The programmes “Swaps & Swaps Trading” (all levels) are specifically designed to expand delegates’ knowledge of, and skills with respect to swaps, their features, how to use these instruments, why and when to use them, and how they can be of help when risk exposures are to be managed. The pricing and valuation of swaps is also incorporated, and therefore the aim will also be at (potential) price changes. Last but not least, these programmes offer insight in the opportunities and risks of these instruments and the incorporation of swaps in energy portfolios.
In the first level of the “Swaps & Swaps Trading” programmes focus is on the fundamentals of swap contracts.

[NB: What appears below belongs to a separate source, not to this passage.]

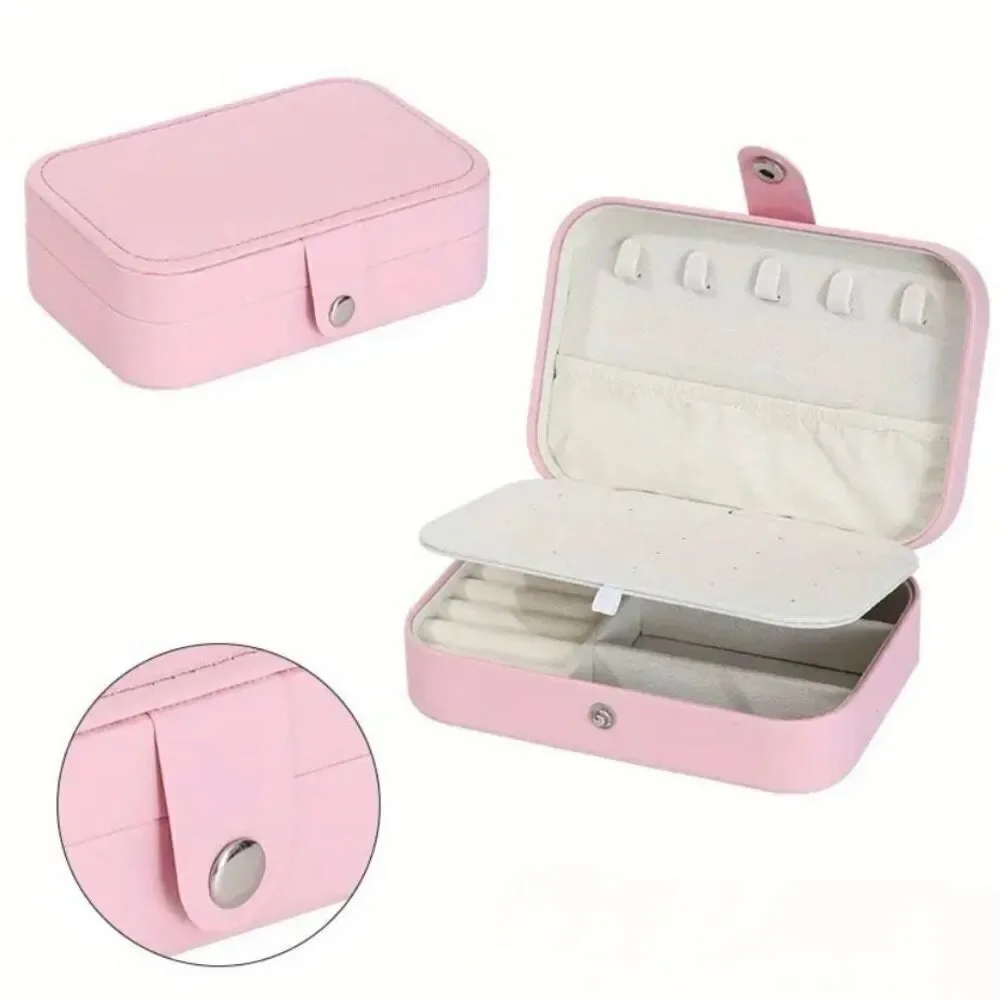 NWT Jewelry Box Case Pink Pu Leather Jewelry Organizer Earrings Bracelets Rings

This is explained by focusing on interest rate swaps. Interest rate swaps are used by energy companies to manage cash flows and interest payments on working/economic capital. Interest rate swaps are the most popular type of swaps by far, and they also represent the first swap contract ever concluded.

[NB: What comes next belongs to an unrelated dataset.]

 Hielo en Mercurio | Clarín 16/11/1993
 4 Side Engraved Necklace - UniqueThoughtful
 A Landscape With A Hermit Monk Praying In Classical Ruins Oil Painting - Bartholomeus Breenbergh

In this programme contracts specifications are taken into consideration and settlement procedures are explained. This programme will therefore equip delegates with a working knowledge of how to trade swaps.
In the second level of the “Swaps & Swaps Trading” programmes focus is on energy swaps, with underlying value oil, gas, coal, power, and/or emission rights. In this programme attention is given to the pay-off structure of cash settled swaps, and also to the physical unwinding of contracts with physical delivery. Students are explained how energy swaps are used as financial instruments with the purpose of hedging exposures, exchanging physical positions and fulfilling financial desires and physical obligations.

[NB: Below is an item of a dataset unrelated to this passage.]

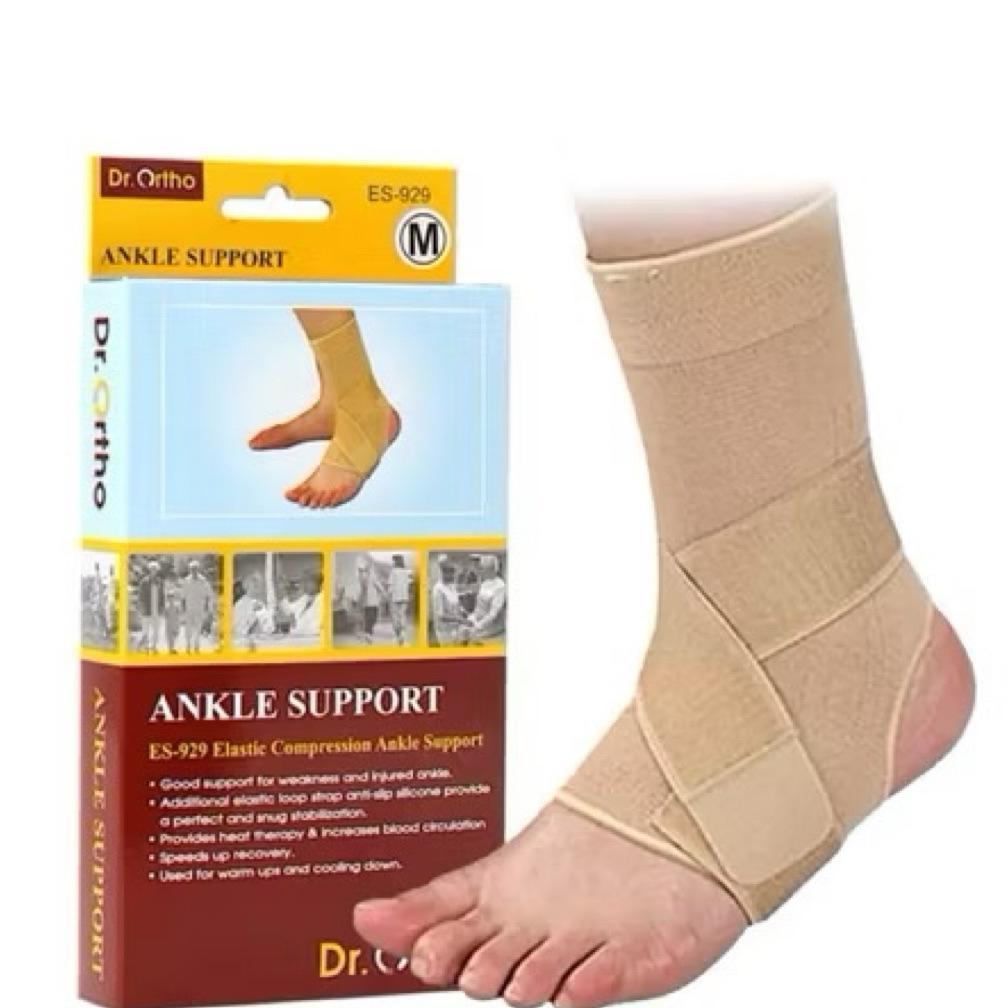 Dr Ortho - Ankle Support Elastic/  Deker Mata Kaki / Elastic Ankle Support with Silicone Dr. Ortho E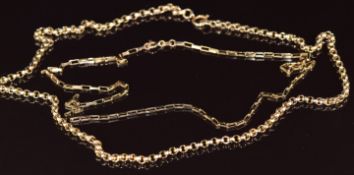 Two 9ct gold chains,15.3g, 48 & 44cm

In the third level of the “Swaps & Swaps Trading” programmes focus is on risk management and optimisation of the currency portfolio. This programme goes beyond energy swaps, and focuses on FX swaps. Energy trading organisations execute transactions in US dollars (oil and coal), pound sterling (UK gas), euros (continental power) and other currencies. They report however (p.e. in their annual reports) in one single currency. And since currency exchanges rate fluctuate over time these organisations are exposed to currency risk. The application of FX transactions (such as FX forwards and FX swaps) is covered in an intensive way and helps students to become masters of swaps.
In the fourth level of the “Swaps & Swaps Trading” programmes focus is on the application of swaptions in general and credit default swaps (CDS) specifically. Students are also explained how these instruments can be of help in order to mitigate credit risk. The working and application of credit default swaps is explained, and attention is provided to how these instruments can be allocated. This programme covers the role of CDS is the credit crisis and provides insight in the risks related to them.
In this level also swaptions are incorporated. These ‘derivatives on derivatives’ are actually combinations of two financial instruments that are already complex as stand alones. Now they are even combined and that makes valuation and understanding them even more complex. Energy companies however make use of these instruments and therefore professionals must master expertise in this field.